Simulating Complex Satellites and a Space-Based Surveillance Sensor Simulation

Abstract : Maintaining space situational awareness requires the ability to track earth-bound satellites in order to know and predict their position, movement, size, and physical features. However, there are many satellites in orbit that are simply too small or too far away to resolve by conventional optical imaging. We can use photometric techniques to gather information about the body in question, but the problem comes in how we interpret the light curve data. Light curves are created by measuring the intensity of reflected sunlight off of the object as it passes overhead. The intensity is dependent on a variety of factors to include the size, shape, orientation, and material composition of the satellite.
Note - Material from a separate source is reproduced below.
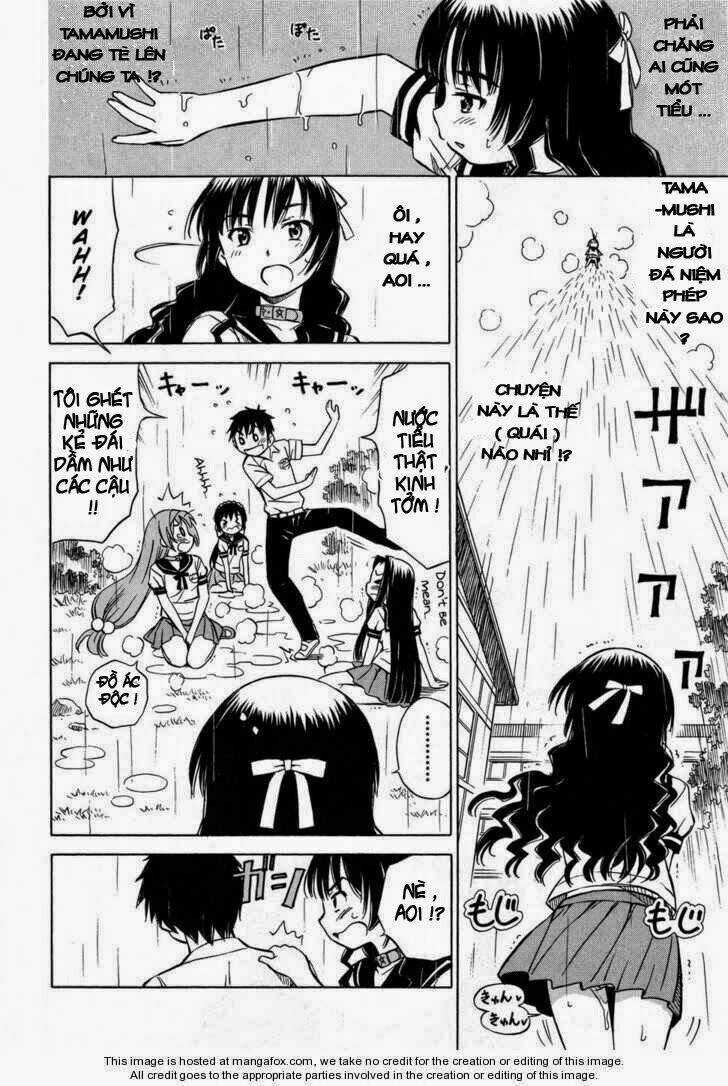 Alice No 100°C C Chapter 7 trang 5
When we attempt to solve the inverse problem for light curves, we are attempting to extract information about these different factors. Forward modeling of photometric light curves provides a way to generate a large amount of data under controlled conditions for working the inverse problem and is an effective way to test Non-Resolved Space Object Identification (NRSOI) techniques. Currently, there are few implementations of such modeling programs, one of which only allows simple geometric shapes with the option of antennas. We present our modification to that existing code to create complex models plus our new code to calculate shadowing on the complex object. Then we show the results from the new model and a comparison to the original tool. The next generation of space surveillance sensors will be on satellites. Space based sensors avoid many of the problems of ground based sensors, such as, waiting for lighting conditions to match satellite passes and a night sky. These sensors are restricted only by sun exclusion angle and line of sight around the Earth. This allows for more effective techniques and a much longer time on target. We present an addition to the existing code to consider a sensor in orbit.